When you or a loved one is working through the challenges of addiction to drugs or alcohol, it will become important to understand the idea of boundaries. Substance use disorders are often accompanied by emotional and physical issues that may require you, as the recovering addict, to distance yourself or to lay down rules about what you will and will not tolerate from your addicted love one. Understanding why setting healthy boundaries is important will help you and your loved one through a successful recovery.
What is a Healthy Boundary?
A boundary can be physical, emotional, or psychological. A boundary establishes a “clear place where you begin and the other person ends. The purpose of setting a healthy boundary is to protect and take good care of you.” You may be the recovering addict attempting to set healthy boundaries between yourself and friends or family members. Or, you may be the friend or family member who needs to set a healthy boundary between yourself and the person who is addicted. Either way, a healthy boundary can help you indicate when and for what you will and will not hold yourself responsible.
When Your Loved One is Addicted
One of the most critical reasons why setting healthy boundaries is important is the need to be firm where your loved one’s addictive behavior is concerned. When someone is addicted to drugs or alcohol, they can be very manipulative and persuasive. Of course, you want to be there for your loved one, to help them when they need it. Sometimes, though, that help turns into enabling them into continuing their addictive ways.
Setting boundaries with your loved one can be difficult and very scary. In fact, it is one of the more difficult things you will need to do to truly help the addicted person in your life. Someone who is addicted to drugs or alcohol can manipulate you into breaking down the boundaries you have set by playing on your emotions and fears.
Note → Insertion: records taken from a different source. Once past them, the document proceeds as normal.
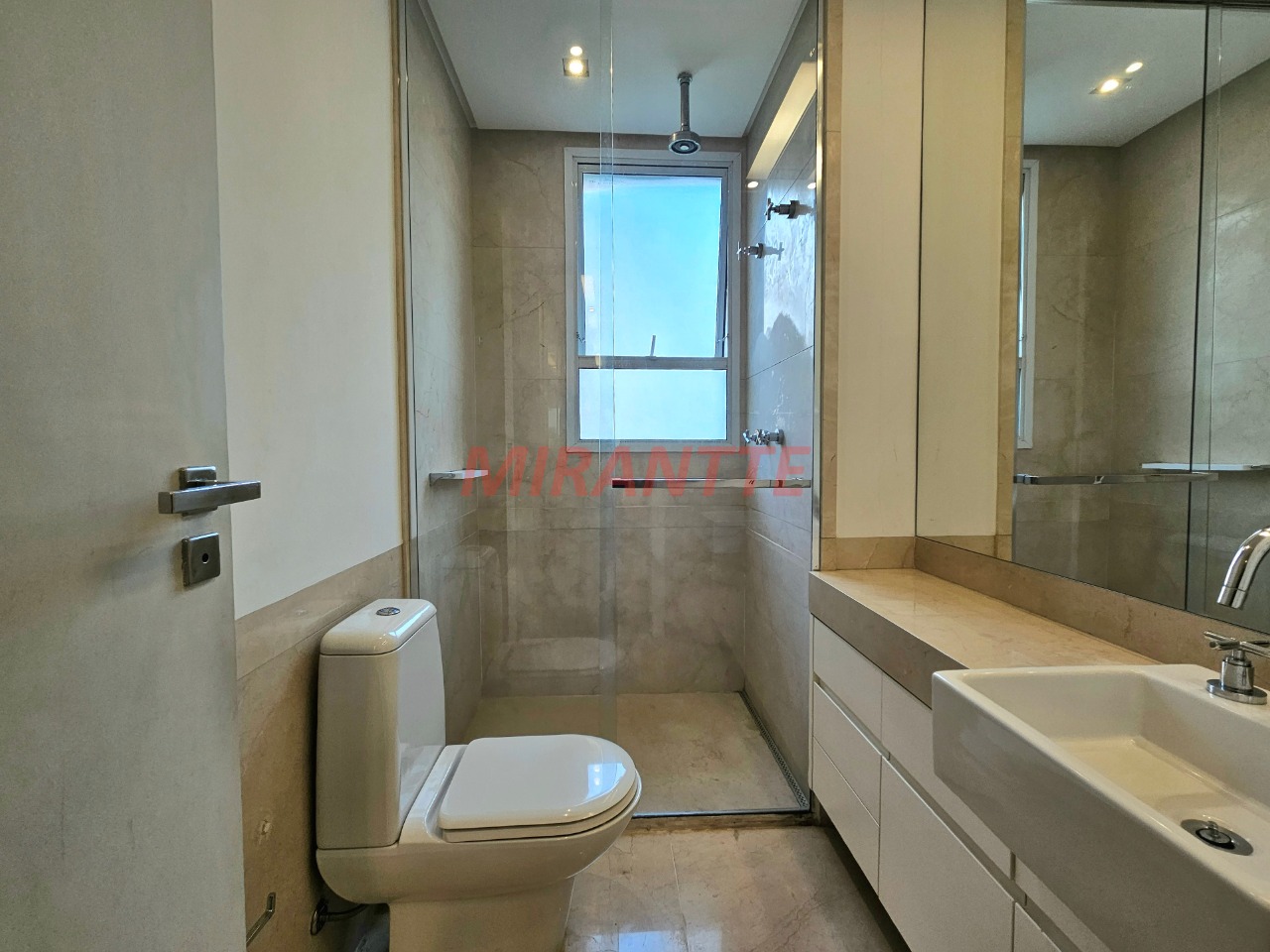 Apartamento de 400m² com 4 quartos em Moema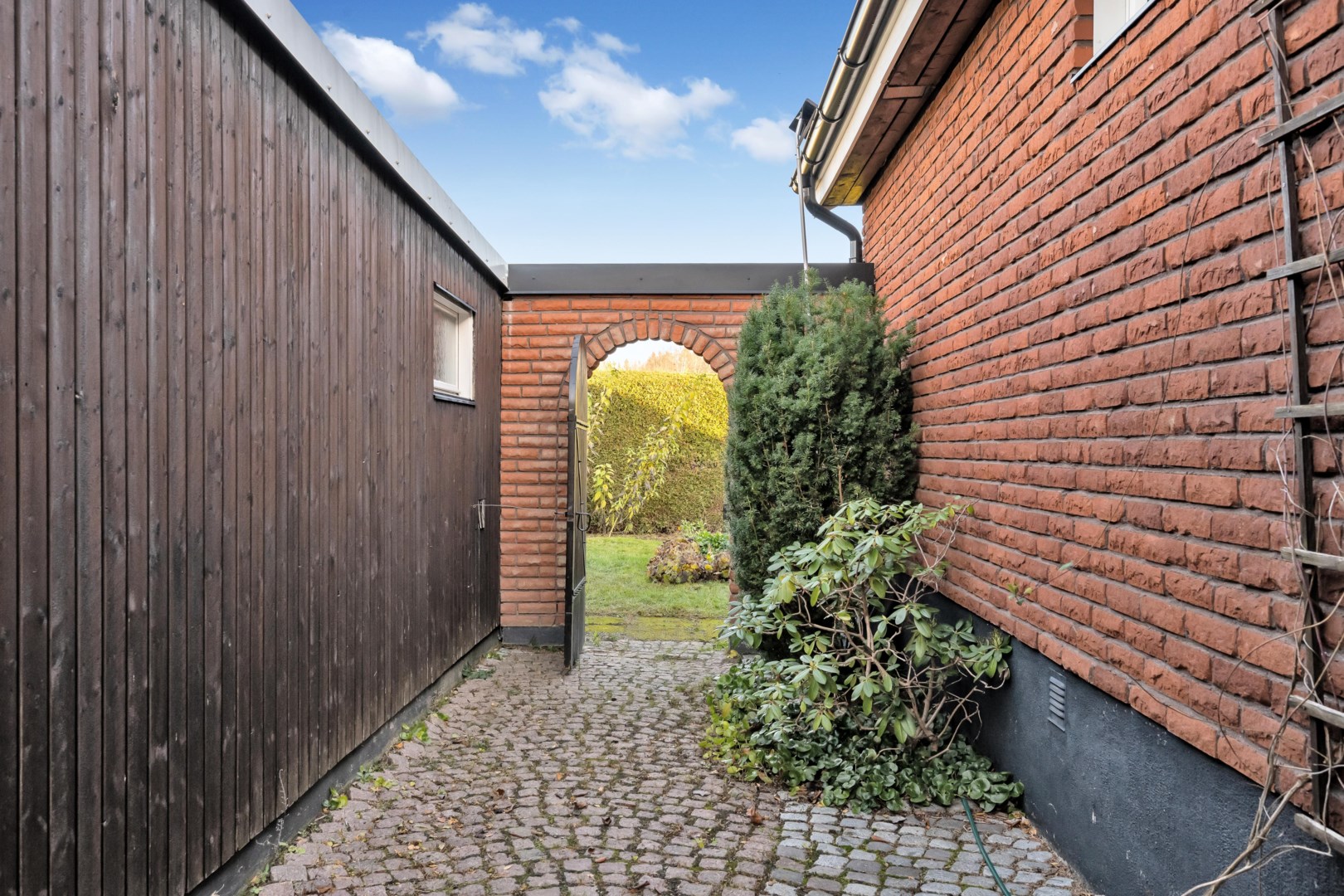 Bostadsbild från Limvägen 1, Såld i Storvreta, Uppsala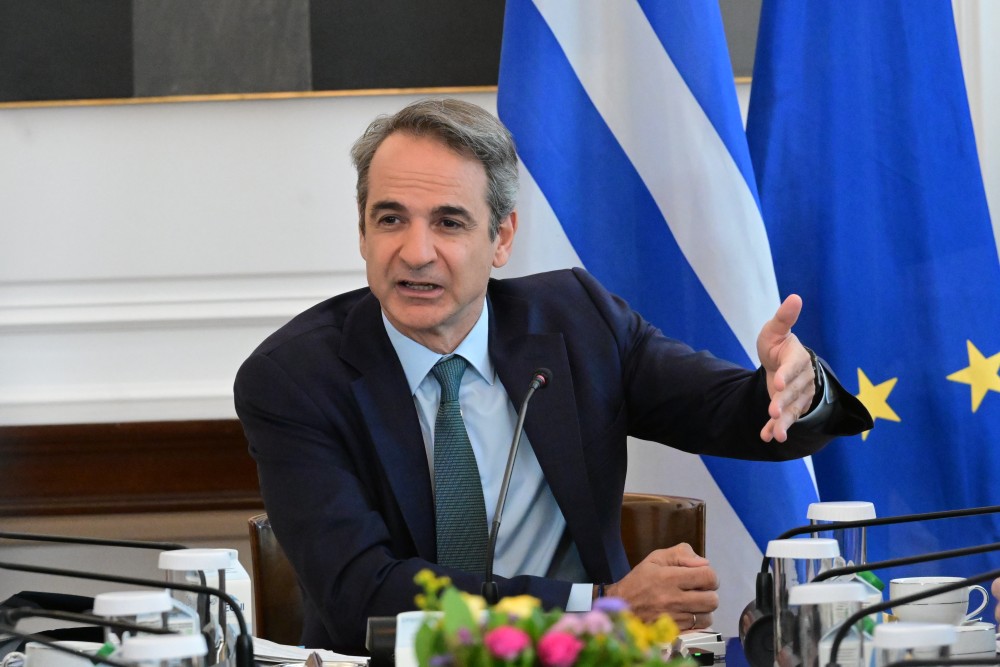 Οι πολίτες δείχνουν τον δρόμο: θετικοί στις παρεμβάσεις Μητσοτάκη, τις μεταρρυθμίσεις και τις τομές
They may threaten to harm themselves – or worse – if you don’t do what they say they need you to do.
Respecting those boundaries can be challenging. Particularly, substance use disorders can raise issues of legality that you will need to address with firm boundaries. Common areas where boundaries should be set include:
- Prohibiting drunk driving or driving under the influence of drugs.
- Bringing controlled drugs into someone else’s home or vehicle, as this can have legal consequences for the owner.
- Using someone else as an alibi to cover up illegal activities.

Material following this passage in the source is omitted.